Cher Rabih Kayrouz

Pour décrire votre art, vous aimez citer ces mots de Charles Corm dans L'Art Phénicien, le premier ouvrage en français paru au Liban : « le geste de l’artiste libanais s’ajoute au verbe du poète [pour] un art vivant, sincère et personnel, un art robuste qui continue la tradition et la renouvelle. Un art qui [est] de notre temps et de toujours. » Plus qu’un style de vie, la haute couture, est pour vous un savoir-faire, entre technicité et artisanat. Elle est chez vous une « symphonie de la lumière », pour reprendre le titre d’un recueil du poète libanais, magistralement exécutée par les meilleurs maîtres d’art.

C’est à Paris, à l’Ecole de la Chambre Syndicale de la Couture, que vous développez votre passion pour la mode. Vous perfectionnez votre art au sein des plus grandes maisons, dans les ateliers de Dior et de Chanel avant de retourner au Liban pour vous inspirer de l’incroyable énergie et du dynamisme d’un pays alors en pleine reconstruction. Dix ans plus tard, de retour à Paris, vous installez votre maison de couture dans l’ancien Petit Théâtre de Babylone.

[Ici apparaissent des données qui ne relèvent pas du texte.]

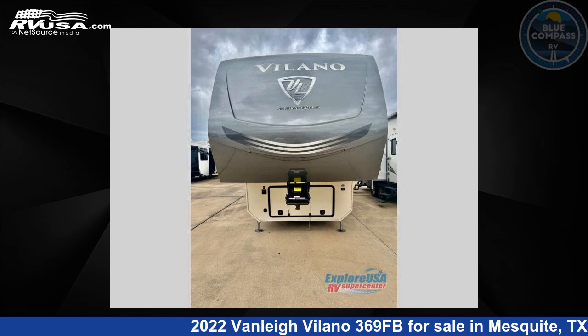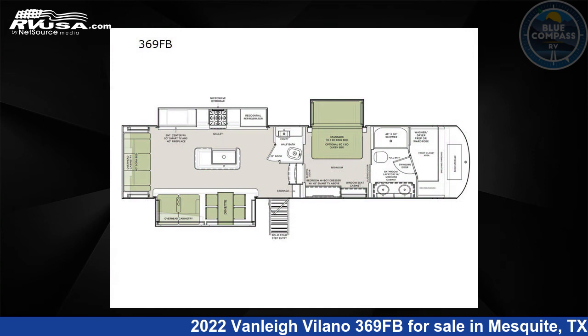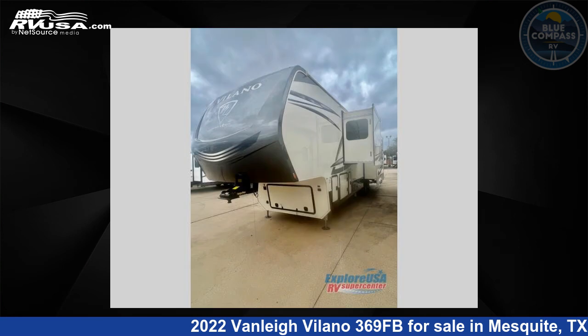This 2022 Vanleigh Vilano 369FB is a fifth-wheel RV. It is located in Mesquite, Texas 75150, and is offered for sale by Blue Compass RV, Dallas, Texas.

La beauté tient pour vous à la simplicité de l’évidence : toute élégance, dites-vous, est perdue si l’on a trop conscience de ce que l’on porte. Vos silhouettes, aussi légères qu’un souffle, épousent la démarche, les mouvements et les gestes du quotidien qu’elles contribuent à libérer. Empruntant à la tradition orientale du caftan, du kimono ou de l’abaya, votre style épuré est le prolongement d’un seul geste. Chez vous, c’est le corps émancipé qui porte le vêtement, et non pas l’inverse. C’est l’attitude qui dicte le tombé du tissu : la robe, dans la pudeur d’une longueur ou l’audace d’une fente, se laisse basculer vers l’arrière par le seul mouvement d’une épaule.

 

 

Parce que vous voulez habiller toutes les femmes et adapter vos silhouettes au rythme de la vie moderne,  vous faites une place de choix au prêt-à-porter. Marquées par la sensualité, à l’image de votre emblème, la grenade, porte-bonheur libanais, fruit de la féminité et signe de vitalité, vos collections jouent sur les matières vaporeuses et légères, les effets de transparence et la lumière. Comme soufflées de l’intérieur, vos robes de charmeuses sont des rêves de douceur : les étoffes légères sont comme des caresses, les soies se soulèvent avec lenteur et le taffetas danse et ondule sous un vent de passion.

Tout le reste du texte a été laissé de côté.